OU has gone 32-11 (.744) since 2009, and the Sooners 4-3 in the last seven games. That’s quite a drop from Stoops’ record of 109-24 (.819) in his first 10 years. He is the first coach to lose to Oklahoma State three times. He also is the first coach to lose to Baylor. Both are unforgivable in Sooner Land, especially the three losses to little brother upstate.

Forty-two years ago, the Sooners were struggling, and fans displayed signs to “Chuck Chuck” in reference to getting rid of coach Chuck Fairbanks. Fairbanks led the Sooners to a 10-1 record and No. 3 ranking in his first season in 1967. Oklahoma went 13-8 the next two years and began the 1970 season with two unimpressive wins before losing to Oregon State, 23-14, in Norman. The Sooners had a bye week before going to Dallas to take on Texas.

Barry Switzer, his offensive coordinator, suggested switching the offense to the Wishbone that brought tremendous success to the Longhorns. The Sooners switched to the new offense, but went through growing pains that year with a 5-3-1 record the rest of the season.

Barry Switzer

The Sooners returned to national prominence the next year and finished final nine years of the 1970s with a 95-9-2 record, including two national championships and seven Big Eight Conference titles.

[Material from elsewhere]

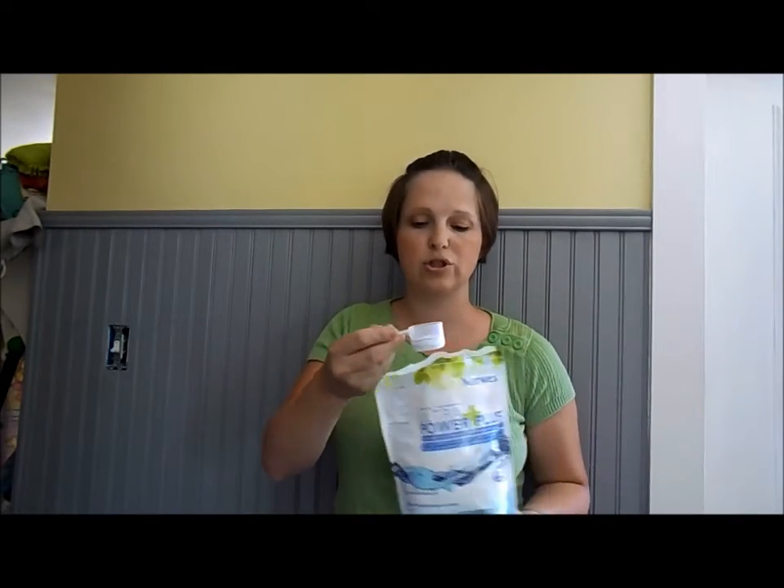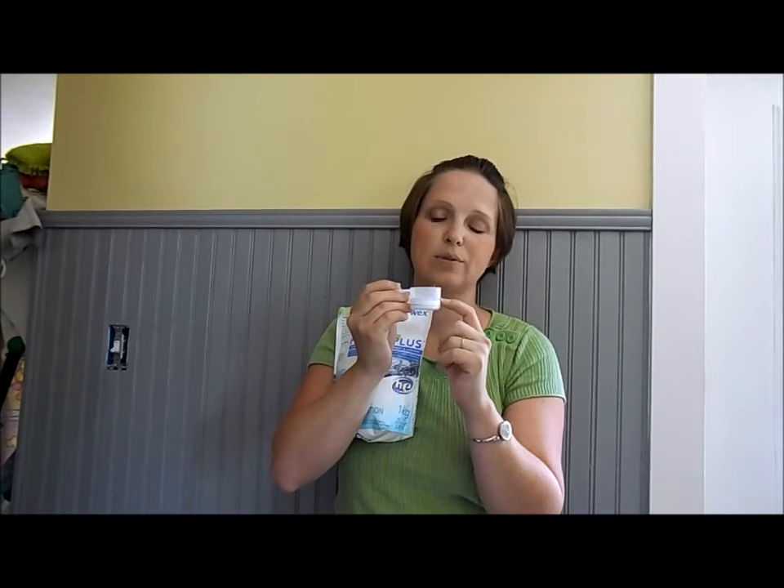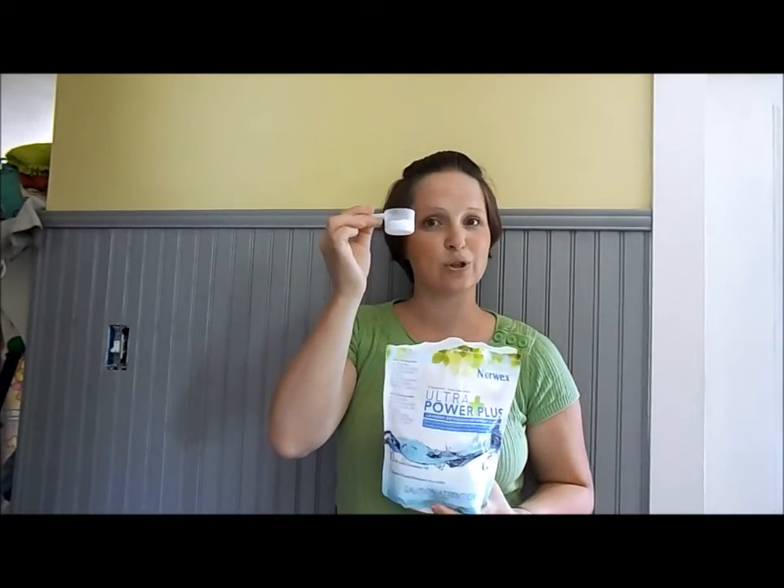I want to show you how much to use, because the back of the bag instructions call for a lot more than necessary. For HE users — high efficiency machines — that's one teaspoon. If you have regular or soft water, you can take that down to half a teaspoon; harder water, up to a teaspoon. For a regular washer, it's a tablespoon for hard water, or half a tablespoon for regular or soft water. That's a lot less than what you're used to. With Norwex, less is better — you'll notice a better difference in your clothes using less.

Switzer took over as head coach in 1973, and most of his tenure consisted of the wishbone attack. It vaulted Switzer into status of “King of College Football” as many fans like to refer to him. He added a third national championship under his watch in 1985. His win percentage of .837 percent (157-29-4) is the best among modern-day coaches. He won 12 conference championships in his 16 years as head coach and won eight of 13 bowl games.

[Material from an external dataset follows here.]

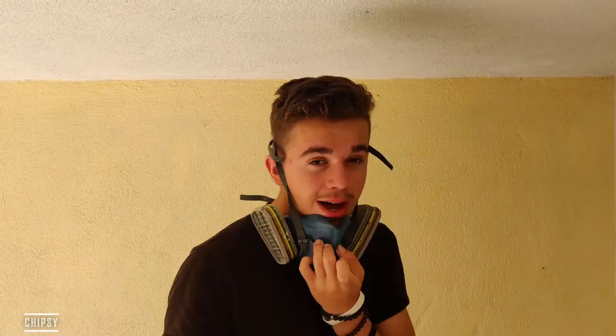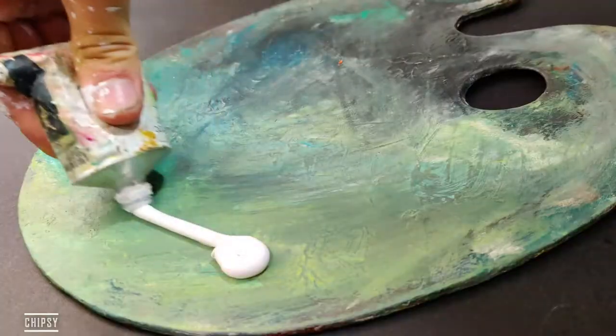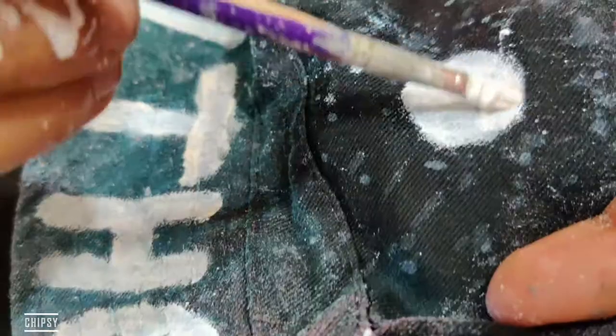Look at my hands right now. I think I'm done. Now let's go inside and do the other part where I want to show you guys.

The 2012 Sooners need a lot of changes. Landry Jones has not improved. He’s not successful under pressure. He is pretty darn good when he’s got time to throw, but when there’s pressure, he gets the deer in the headlights look.

Kansas State defensive end Austin Davis told ESPN that the Wildcats exploited Jones' blind side.

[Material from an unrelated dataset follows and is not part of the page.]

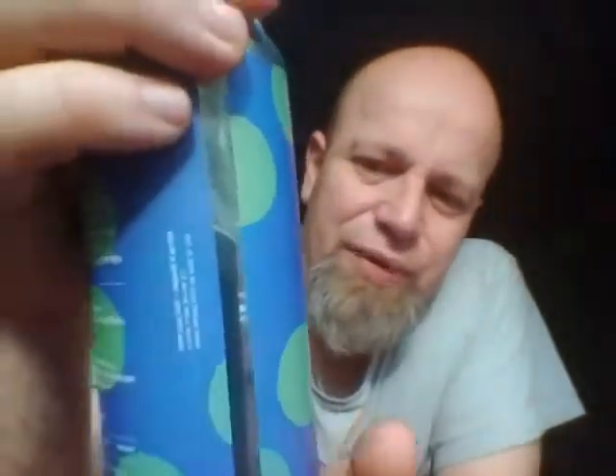IIPA Centennial — there you go, what a cracking can that is! Nine percent ABV, says 'drink fresh' — I certainly will do that. There's the back side with all the nerdy stuff; they're renowned for putting nerdy stuff on their beers.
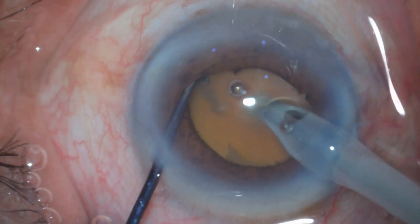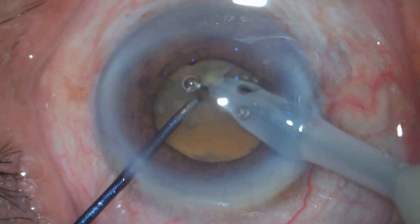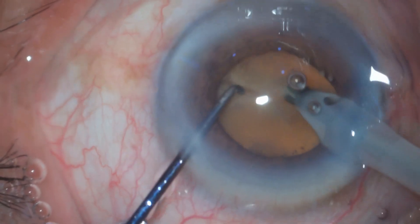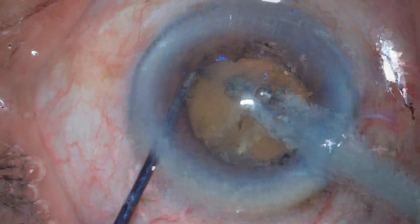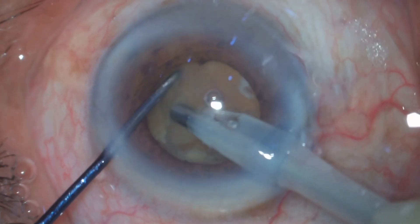This nucleus is quite slippery and it is a hard nucleus as well, so one has to be very careful before engaging the nucleus into the phaco probe. I have just engaged it and started an initial crack, but I have not gone for a full crack or full separation of the nucleus fragment.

“I noticed it in the first half,” he said. “When we’d get upfield, he’d start jabbing his feet real quick and moving. That let us know that he don’t like nobody in his blind side, and we tried to attack it all night.”

Future opponents will try the same. Texas, for example, has two defensive ends (Alex Okafor and Jackson Jeffcoat) who combined for five sacks and 10 quarterback hurries in the Longhorns' first three games. You know they have to be licking their chops about this news.

The front seven for OU’s defense is another trouble spot. No pressure on Kansas State’s quarterback all night Saturday. Collin Klein completed 13 of 21 passes for 149 yards. He completed 4 of 5 for 72 yards in the fourth quarter, 3 of 3 for 60 yards to lead the Wildcats’ final scoring drive.

There are some dangerous quarterbacks down the road—Texas Tech’s Seth Doege, West Virginia’s Geno Smith, and, believe it or not, David Ash at Texas.

K-State’s running game, led by John Hubert’s 130 yards, rolled up 213 yards. Again, a team like Texas has some powerful running backs who will need to be slowed down for the Sooners to have any chance of a victory in a couple of weeks.

Four decades ago, Fairbanks had wrestled with the idea of changing to a completely new offensive system. He knew something had to be done to save his job and for fans to toss out the “Chuck Chuck” signs.

With a week off before playing Texas Tech, Stoops must wrestle with some decisions now if he wants to return Oklahoma to the hunt for the national championship.